The second day had some quite more technical (sometimes even more mathemathical) presentations. The ones I was most interested was the one about the usability of petname systems and the one about widget security.

Though due to the presentation on “A Parallelism-Based Approach to Network Anonymization” from Igor Margasinski, I got to know more about network anonymization which is a topic that I must admit not have heard before. It was nice to know that there are some options such as the tor project that tries to completly protect user privacy and enable users to bypass some content filters from some countries, therefore raising the freedom of communication.

However, the people that discussed about TOR said that in practice this anonimity routing, make the traffic flow pretty slow. Still, on the same day, Heiko Roßnagel discussed how the porn industry could in fact sponsor the development of TOR networks, as they correspond to users that would like the service and that are also willing to pay for it. On the other hand, this is a delicate topic as the porn industry can have some complex legality and ethic borders.

In the presentation of Karsten Peder Holth around widget security, the author points several of the security flaws that can be introduced when installing a widget. However, as he says, this is somehow a consequence of the simple development model of widgets and in fact it is this simple development model taht makes widgets so popular.

Audung Jøsang presented the paper his students have written about usability of petnames. He defended the need of making Identity Management more user centric with the usage of petnames and it makes a lot of sense. However, it looked like the Identity Selectors, as the ones part of identity schemas such as Geneva (“new name” of Microsoft Cardspace) and Higgins, already provide the user an alternative for the memorizing problem towards identities.

In the following day, we had another presentation around SIM cards and Identity. This one was given by Do Van Than, and although it also touched the aspects of the possible positioning of operatords towards IdM, it showed a bunch of cases on how this could be done and they have already tested. It is somehow sad to see that we could be already using the SIM as an IdM device with the EAP-SIM protocol and the federation standards (such as the ones from Liberty Alliance, which seem to have changed its name also, but I dont remember the new one), and unfortunatelly due to protective interests from several players in this heterogeneous market, we don’t.

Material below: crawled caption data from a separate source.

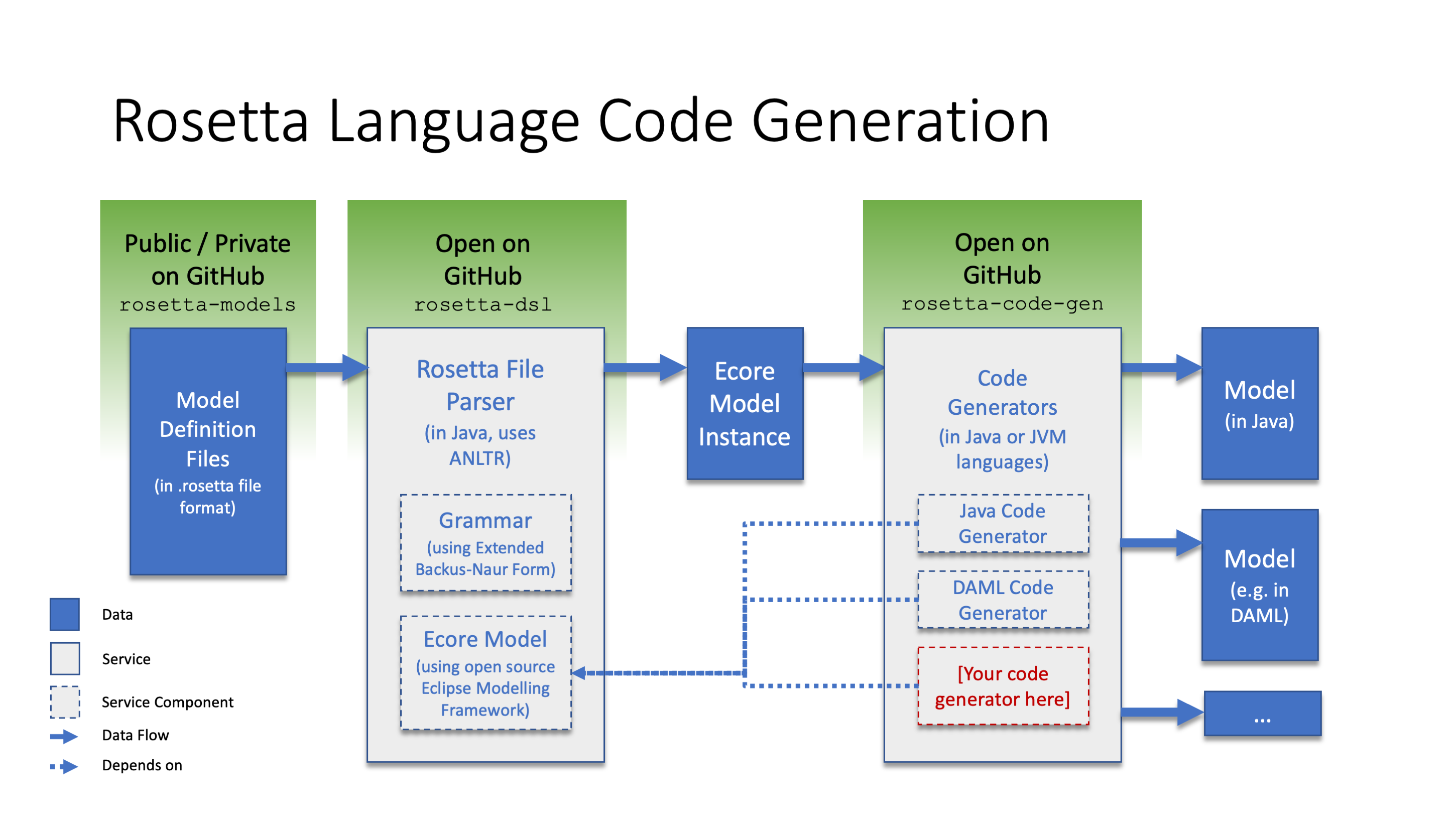 Rosetta (программное обеспечение). Food code Generator. Generate code main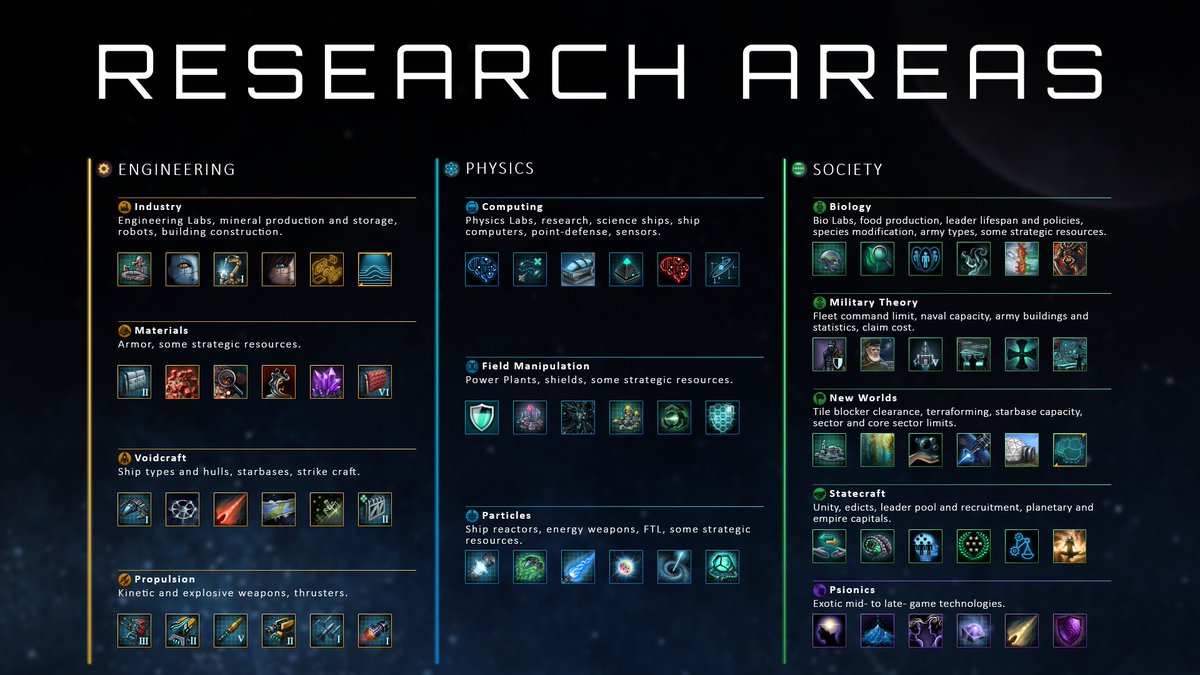 ftl weapons tier list ftl weapons tier list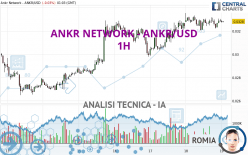 ANKR NETWORK - ANKR/USD - 1H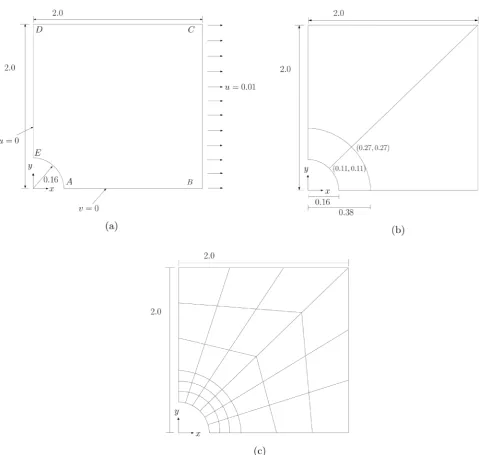 Figure 7. Schematic of a quarter of the plate with a circular hole, BCs, loading and finite element discretization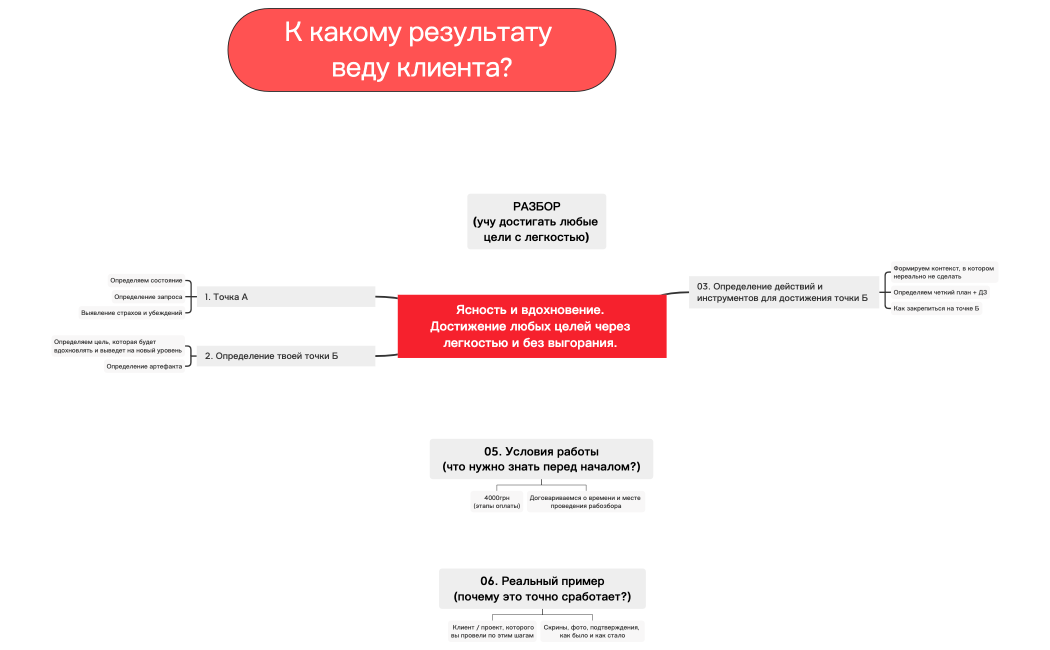 Ð¨Ð°Ð±Ð»Ð¾Ð½ ÑÐ¾Ð·Ð´Ð°Ð½Ð¸Ñ ÑÑÐ»ÑÐ³Ð¸.xmind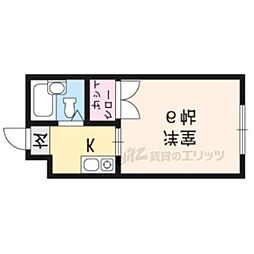 コーポアドヴァンス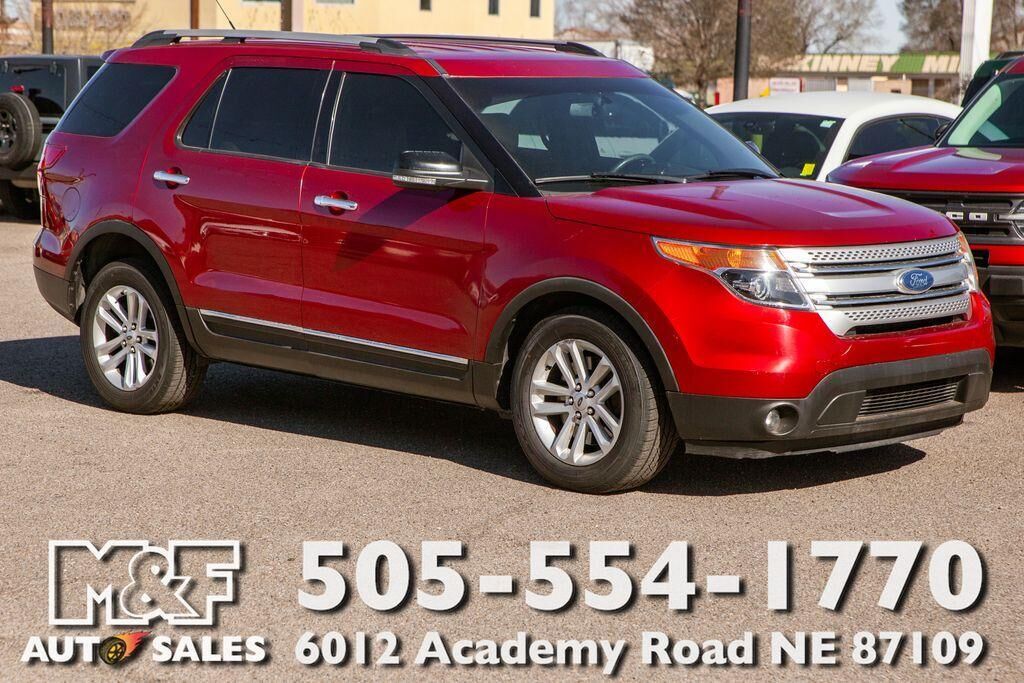 2015 FORD Explorer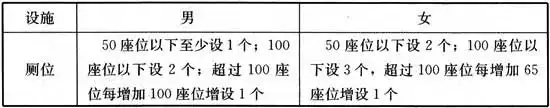 服务区公厕现“厕长和总厕长”（服务区公厕字样效果图） 第6张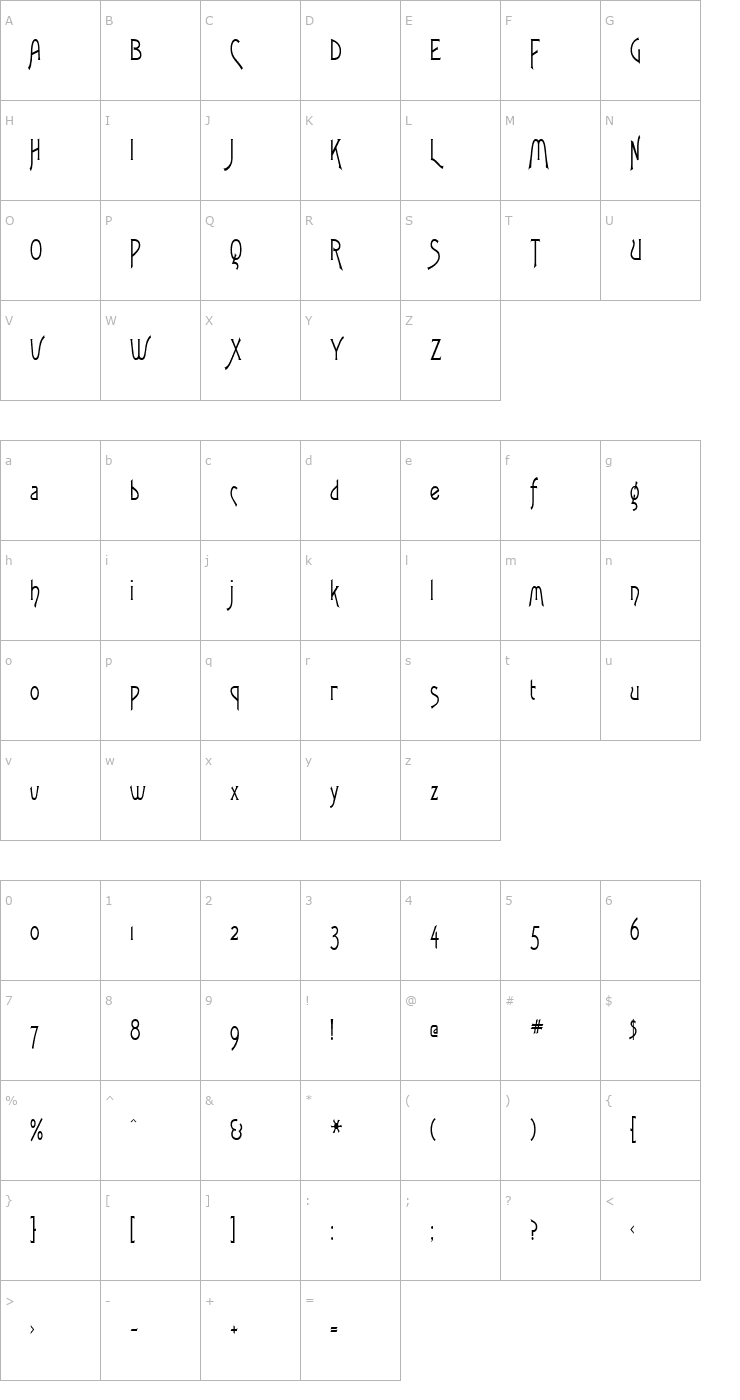 Character Map Fletch Thin Normal Font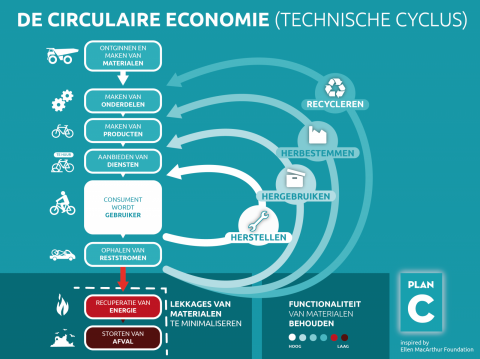 Circulaire economie: technische fiche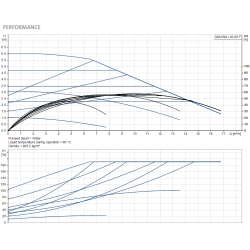 Grundfos Magna1 40-60 F 220 cirkuliacinio siurblio kreivės pagal techninę specifikaciją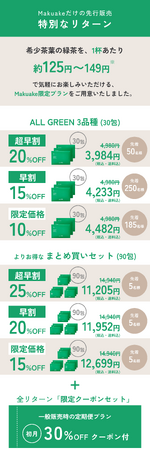 ※1杯あたりの価格は選択いただいたプランによって変動します。 ※1杯あたりの価格は選択いただいたプランによって変動します。
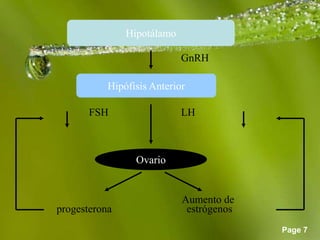 Page 7
Hipotálamo
Hipófisis Anterior
GnRH
LH
Ovario
FSH
estrógenosprogesterona
Aumento de
 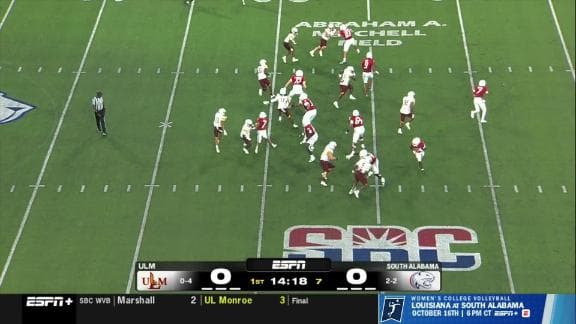 UL Monroe Warhawks vs. South Alabama Jaguars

Besides that we had more two SIM related presentations. One, where Heiko Roßnagel discuss the potential of the SIM as a the most suitable tool for delivering real-time information services. And my presentation covering the usage of high-end SIM cards enabling the possibility of sensing and chategorizing user relation. I’ll discuss my presentation a bit better in a next post (which hopefully wont take that long), but if you are interested in check it out the paper here is the springer link for it or you can see a 100% free preview at this googlebooks link. In fact, Ill verify if I can put it here in the blog as well.

It was really nice to present the paper and although I was a bit nervous before, the presentation went really well. I think I kind of have the knack for presentations.

Later (hope not much), I come back for talking a bit more about my paper, my master thesis and maybe also some frustrations and experiences with the N97 =)

First day of Nordsec 09 October 15, 2009

Posted by tcarlyle in Biometrics, identity management, SIM Cards, trust, Uncategorized.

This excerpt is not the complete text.